Profiler trace observation:

  • the gradient bucket copy_ operations corresponding to the DeepSpeed contiguous-gradient path are emitted on more than one device stream
  • later, average_tensor() / concat / reduction reads the same IPG bucket on the reduction stream
  • the existing wait only covers the stream returned by get_accelerator().current_stream() when average_tensor() is entered, not all streams that previously wrote slices into the bucket

Conceptually, this can happen as:

stream A: copy grad slice A -> ipg bucket
stream B: copy grad slice B -> ipg bucket
stream C: calls average_tensor(); current_stream == stream C

DeepSpeed today:
  reduction_stream waits stream C

Missing dependency:
  reduction_stream should also wait stream A and stream B before reading the bucket

Why this is different from existing overlap_comm fixes

This is related to, but not fully covered by, previous fixes:

The remaining issue here is narrower: even on current master, average_tensor() still assumes that one current stream represents all producers of the current contiguous gradient bucket.

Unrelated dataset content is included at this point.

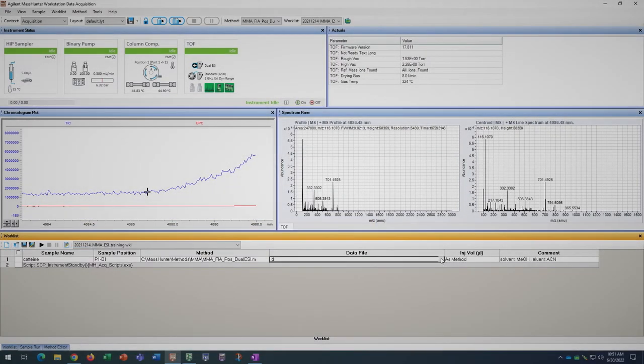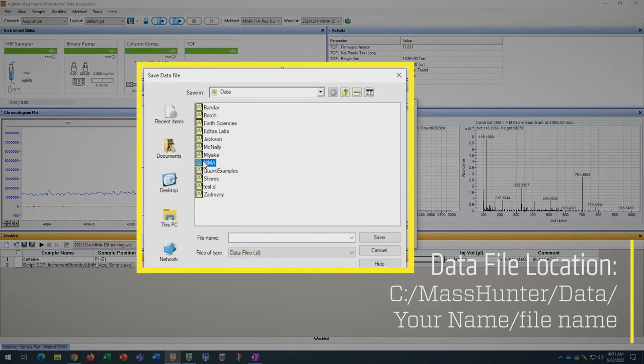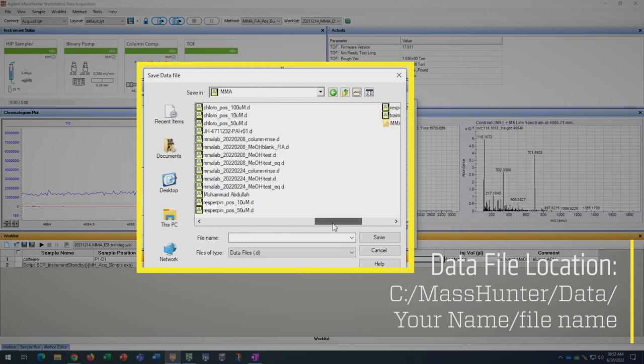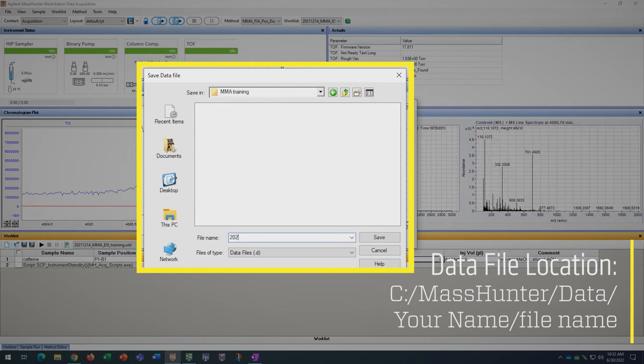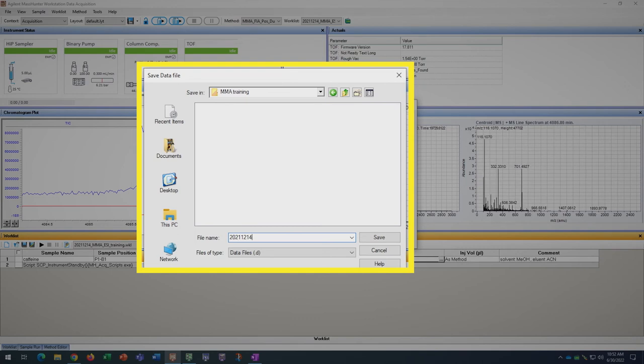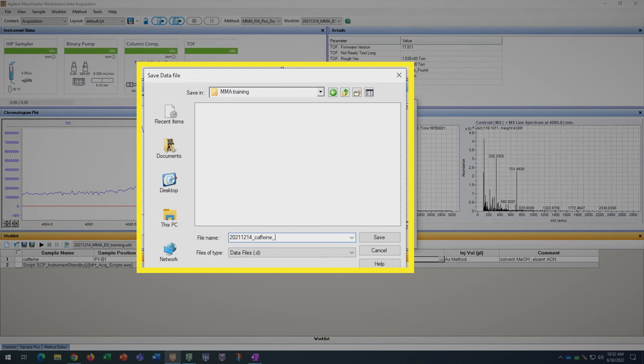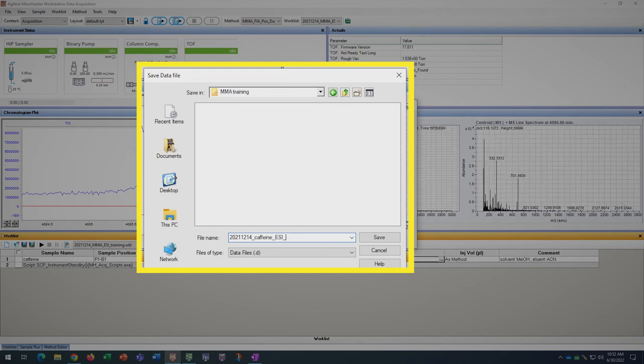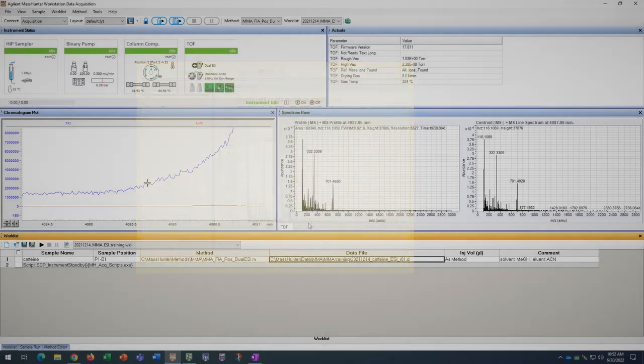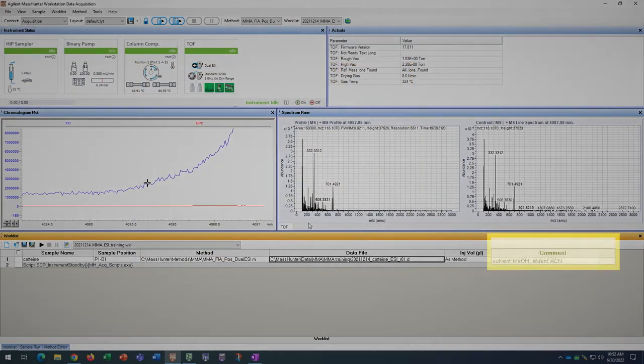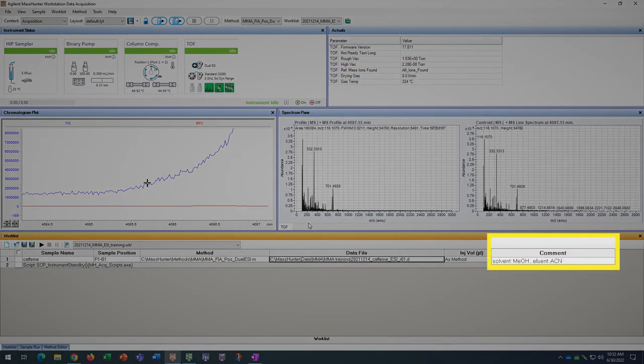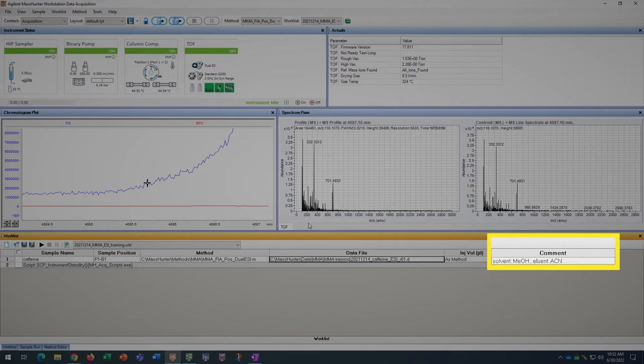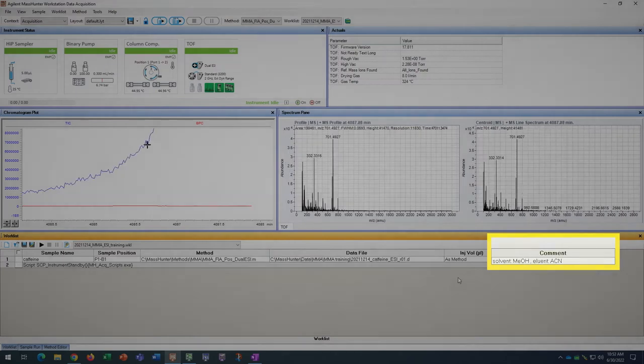Next, specify your data directory and file name. It is good to keep track of your sample runs by specifying a run number each time. This prevents overwriting of experimental data by the software. The comments section is helpful to specify solvents, elements, and additives for record keeping and troubleshooting should your samples not ionize properly.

With compiled autograd / torch.compile, gradient hooks can run under different current streams, so the bucket can have multiple producer streams.

Possible fix direction

One conservative fix is to record the unique streams used for the IPG bucket copy operations, then make reduction_stream wait for those streams before average_tensor() reads the bucket.

Sketch:

# after new_grad_tensor.copy_(...)
self._record_ipg_copy_stream(bucket)

# inside average_tensor(), after switching to reduction_stream
self._wait_for_ipg_copy_streams(bucket)

Where _record_ipg_copy_stream() stores unique get_accelerator().current_stream() values for the current IPG bucket, and _wait_for_ipg_copy_streams() calls current_stream.wait_stream(copy_stream) for each recorded stream not already covered by the existing stream.wait_stream(current_stream).

This avoids a device-wide synchronize and only adds stream dependencies for actual producer streams of the bucket.

Expected behavior

overlap_comm: true with contiguous_gradients: true should not allow the reduction stream to read the IPG bucket before all streams that wrote gradient slices into that bucket have completed.